Territorio, 07.10.16

Uno sguardo al Film Festival Diritti Umani Lugano #2

Presentato ieri al Film Festival Diritti Umani Lugano, il film documentario Poverty Inc., del Direttore-Produttore Michael Matheson Miller, ricercatore alla Acton Institute nel Michigan. Vincitore di oltre 50 festival del film, del Premio Templeton Freedom per $ 100,000, e di € 5.000 per il Best Documentary Award dal FIFE Environmental Film Festival di Parigi, il film si propone come uno sguardo diverso sul tema della cooperazione internazionale nei paesi in via di sviluppo

Una sala gremita di allievi, quella di ieri al cinema Corso di Lugano, accorsi per questo interessante appuntamento, al seguito del quale si è tenuto un interessante dibattito tra i relatori ed i giovani presenti in sala.

Il documentario affronta il discusso tema del difficile compromesso tra la società dei donatori e coloro che ricevono le donazioni, attraverso una serie di interviste, spezzoni di interventi ed alcuni esempi di riuscita imprenditoriale tramite partnership.
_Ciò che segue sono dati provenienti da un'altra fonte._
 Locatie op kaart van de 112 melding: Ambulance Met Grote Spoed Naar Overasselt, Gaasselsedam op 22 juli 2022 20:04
Attraverso una visione  anglo-sassone della questione, si cerca di dimostrare come oggi i paesi in via di sviluppo possano essere osservati non più con una connotazione negativa e limitante di una povertà fine a se stessa, ma con una visione più speranzosa, riconoscendo nella persona bisognosa delle proprie capacità, competenze e conoscenze, che se aiutate e stimolate nella giusta direzione, permettono a coloro che vivono in una situazione di disagio di poterne uscire con le proprie forze. 

Molte sono le zone al mondo dove si vive in situazioni di grande difficoltà sociale, politica, culturale e, in alcune zone, anche di sfavorevoli condizioni geo-climatiche, nelle quali non sempre gli interventi esterni, umanitari e politici occidentali soprattutto, sono favorevoli alla ripresa socio-economica del luogo stesso, creando appunto una forma viziosa di dipendenza economica. Il documentario si concentra in particolare su alcune zone dell'Africa centrale e sul caso di Haiti. Centrale anche il tema degli orfanotrofi e dell'adozione, soprattutto nelle situazioni dove i genitori biologici dei bambini adottati sono ancora in vita. Prendendo spunto da una famiglia americana e del loro contributo di partnership ad Haiti, viene dimostrato come certe adozioni possano essere evitate, per favorire le famiglie disagiate attraverso progetti di sviluppo socio-economico in loco, permettendogli di raggiungere una loro indipendenza che gli permetta di custodire i propri figli, senza che questi vengano dati in adozione, che comporterebbe una separazione totale.

Al termine del documentario sono saliti sul palco Isabella Medici (Responsabile Ufficio Svizzera italiana di Helvetas Swiss Intercooperation), Tarciso Arrighini (fondatore, cooperante e dirigente della ONG GCV fino al 2014) e Pietro Veglio, moderatore del dibattito (economista, presidente FOSIT, già direttore esecutivo della Banca Mondiale per la Svizzera), per rispondere alle domande incuriosite degli studenti.

Se ne conclude che vi sono più punti di vista sulla problematica della cooperazione internazionale, e che l'aiuto umanitario è sempre utile e non va negato, ma è bene gestirlo in modo intelligente, trasparente e costruttivo, attraverso la creazione di partnership in loco, che sappiano favorire uno sviluppo socio-economico quanto più verso l'indipendenza.